Mississippi’s ban is one of a series of restrictive abortion laws passed in Republican-governed states in recent years. The Supreme Court on Nov. 1 heard arguments over a Texas law banning abortion at around six weeks of pregnancy but has not yet issued a ruling.

Anti-abortion advocates believe they are closer than ever to overturning Roe, a longstanding goal for Christian conservatives.

‘EGREGIOUSLY WRONG’

Conservative justices downplayed the idea that the court must be careful in overturning its own precedents, noting that it has done so in many contexts including overturning a notorious 1895 ruling allowing racial segregation.

“So there are circumstances in which a decision … must be overruled simply because it was egregiously wrong at the moment it was decided,” conservative Justice Samuel Alito said.

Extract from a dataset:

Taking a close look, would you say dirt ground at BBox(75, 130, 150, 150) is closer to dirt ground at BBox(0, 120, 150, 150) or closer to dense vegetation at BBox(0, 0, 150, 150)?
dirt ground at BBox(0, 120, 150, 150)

U.S. Solicitor General Elizabeth Prelogar, representing Biden’s administration, said overturning Roe would be an “unprecedented contraction” of individual rights.

“The court has never revoked a right that is so fundamental to so many Americans and so central to their ability to participate fully and equally in society,” Prelogar said.

Opinion polls show a majority of Americans support abortion rights.

The Roe and Casey decisions determined that states cannot ban abortion before a fetus is viable outside the womb, generally viewed by doctors as between 24 and 28 weeks. Mississippi’s 15-week ban challenges that. Roberts said a ban at 15 weeks is “not a dramatic departure” from viability.

Scott Stewart, arguing for Mississippi, said the Roe and Casey rulings “haunt our country.”

“They have no basis in the Constitution. They have no home in our history or traditions. They’ve damaged the democratic process. They’ve poisoned the law. They’ve choked off compromise,” Stewart said.

Mississippi is among 12 states with so-called trigger laws designed to ban abortion if Roe v. Wade is overturned. Additional states likely would rapidly curtail abortion access. (See related graphic)

If Roe were overturned or limited, in large swathes of America women who want to end a pregnancy could face the choice of having a potentially dangerous illegal abortion, traveling to another state where the procedure remains legal and available or buying abortion pills online. The procedure would remain legal in liberal-leaning states, 15 of which have laws protecting abortion rights.